### WORK ORDER:
Return all entries verbatim; skip any pictures.

◇ ◇ ◇ ◇

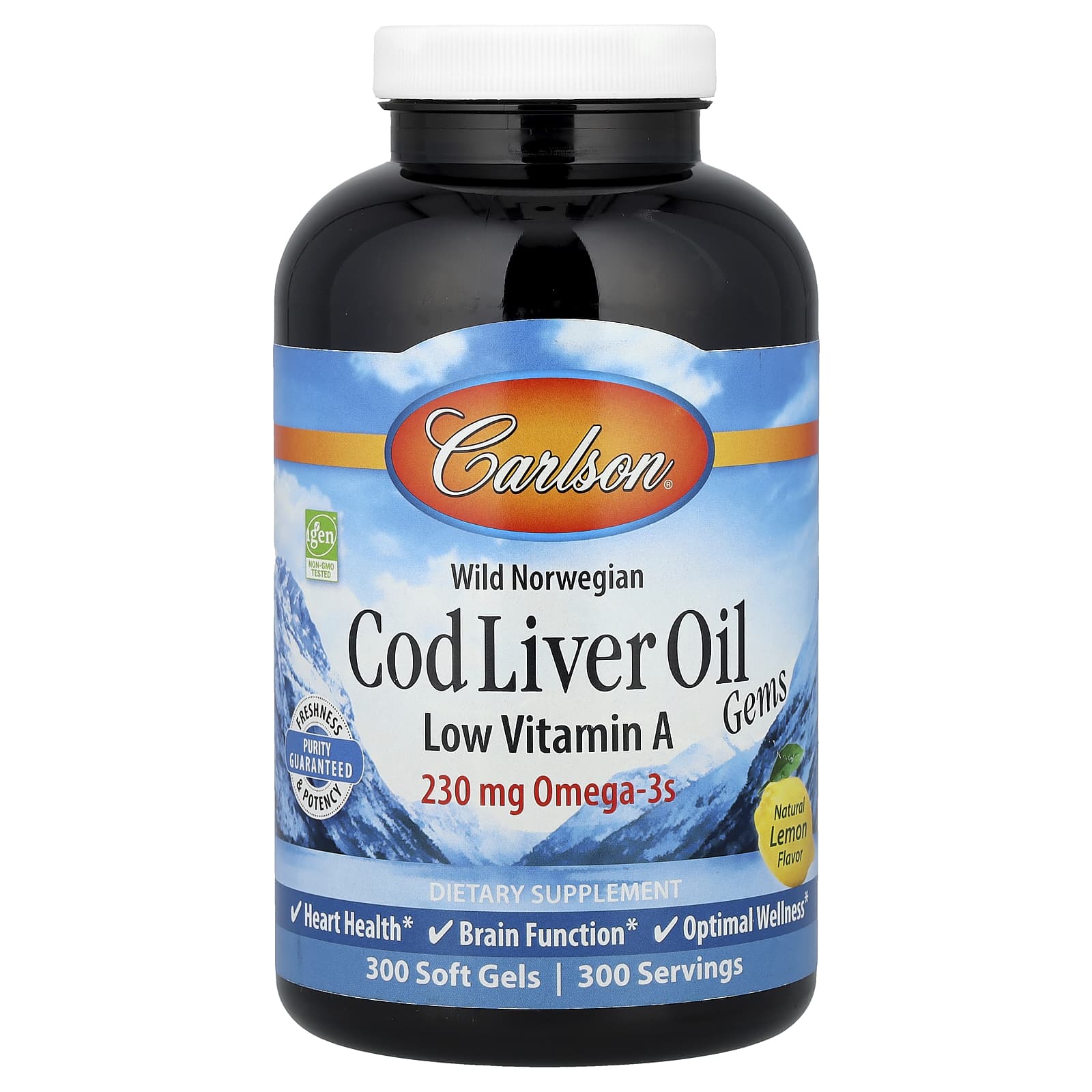 Wild Norwegian Cod Liver Oil Gems by Carlson - Low Vitamin A Omega-3 Supplement - Image 1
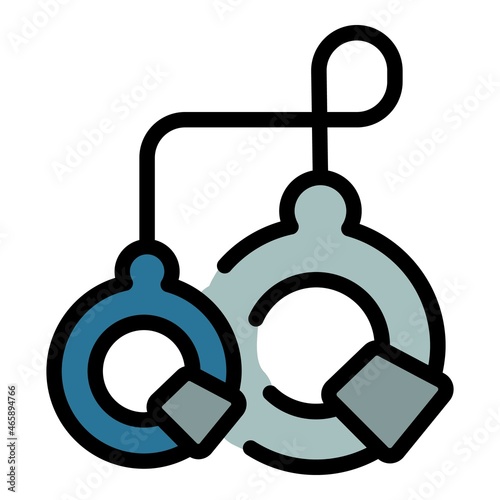 Prison handcuffs icon. Outline prison handcuffs vector icon color flat isolated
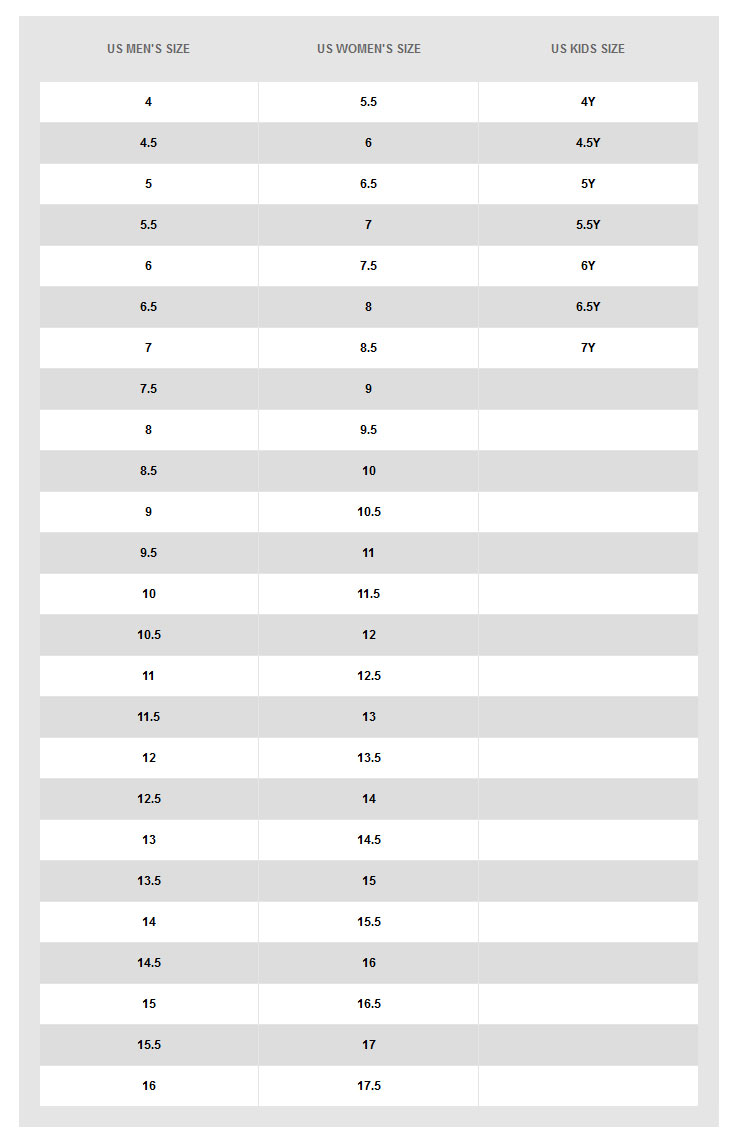 nike feet size chart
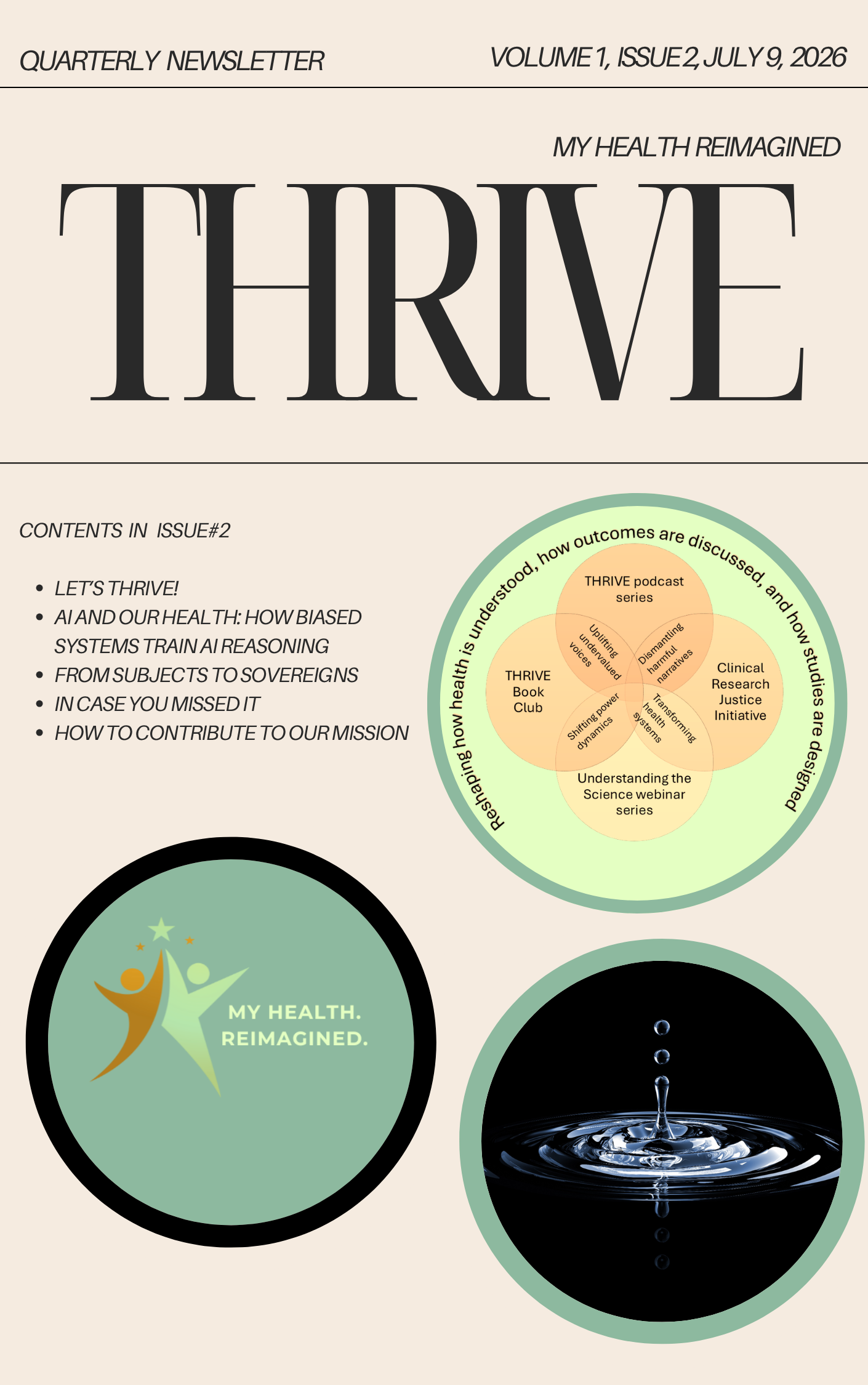Quarterly newsletter cover page titled "My Health Reimagined" with the main headline "THRIVE" in large font, and a circular diagram showing topics discussed and studied, such as podcasts, book club, webinars, research, justice, and health systems.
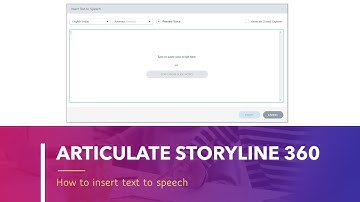 How to insert text to speech in articulate storyline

◇ ◇ ◇ ◇

### RESPONSE TO THE EXERCISE:
 Wild Norwegian Cod Liver Oil Gems by Carlson - Low Vitamin A Omega-3 Supplement - Image 1
 Prison handcuffs icon. Outline prison handcuffs vector icon color flat isolated
 nike feet size chart
Quarterly newsletter cover page titled "My Health Reimagined" with the main headline "THRIVE" in large font, and a circular diagram showing topics discussed and studied, such as podcasts, book club, webinars, research, justice, and health systems.
 How to insert text to speech in articulate storyline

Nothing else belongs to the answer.